That button works great for previewing your settings, to hear that is is only removing the “s” sounds and not too much of the other sounds.

(If you set it too aggressive, it can remove too much.)

The “Listen” button is a toggle. Click on it and it will change to either on or off, depending on the current state. In other words, it toggles on and off by pressing that button.


For those who are curious:

LISP is an excellent “De-esser” for vocals or spoken word recordings.

It reduces the “s” (AKA “siblence”) in words.

Highly recommended as a tool for those recording vocals and spoken word audio.
You can/should prevent most of the siblence with proper mic technique and/or pop filters. (Those don’t solve all issues, so this plug-in can make a positive difference.)

Highly recommended (free):

Thanks so much! It does make an improvement!

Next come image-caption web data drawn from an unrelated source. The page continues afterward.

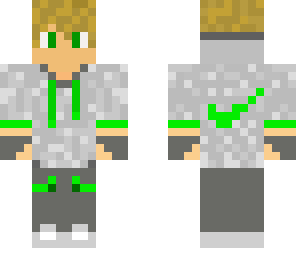 fixed cool guy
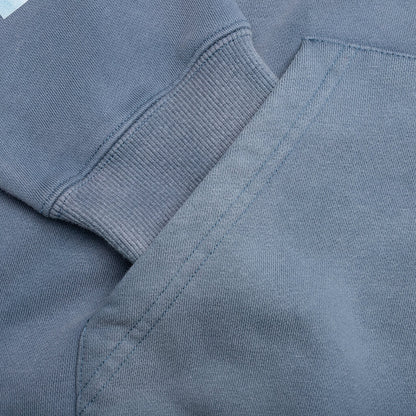 Movements Hoodie Blue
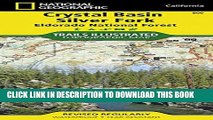 New Book Crystal Basin, Silver Fork [Eldorado National Forest] (National Geographic Trails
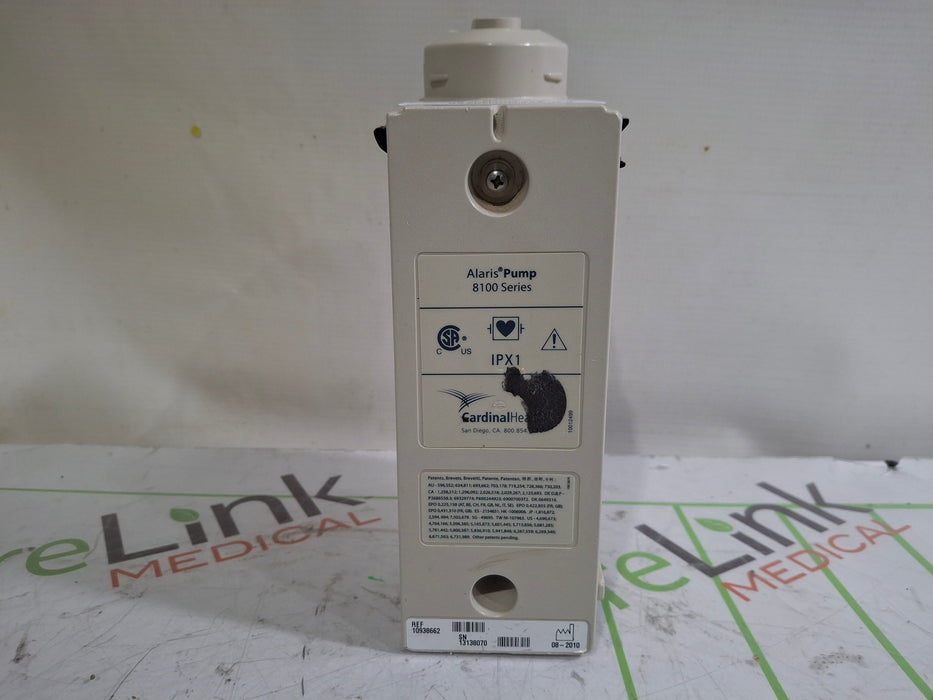 CareFusion Alaris 8100 LVP Infusion Pump Module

I think though at some point I will probably have to invest in software that is more aggressive without distorting my audio. (I am also a book narrator) I also use Rx3 but I’m trying to avoid spending the $200 I would need to get Nectar 2 . Any suggestions?

If you require aggressive de-essing, then there is probably a problem with either your microphone, headphones (or whatever you are listening with), your microphone placement, microphone technique, or you need some voice training. If you’d like to post a short sample, just a few seconds in WAV format, of the raw unprocessed recording to illustrate the problem that you are trying to resolve, we may be able to make some useful suggestions. I doubt that aggressive de-essing is the best solution.

See here for how to post an audio sample:

I agree with Steve. If you need more aggressive software than this plug-in, that’s a pretty steep hill.

I can’t find a better free version, but it’s possible the one in Nectar is stronger. The other tools/plug-ins they create are first class, but short of iZotope and a couple other paid tools, I doubt there are many post-production options.

As Steve said, if you need more than this tool you should re-consider your mic placement and vocal technique too. Fixing it after is doable in some cases, but in this case, less is certainly more.

Most audiobook narrators I’ve worked with only need a touch of de-essing (or none), but I haven’t seen any that need more than this tool can handle gracefully.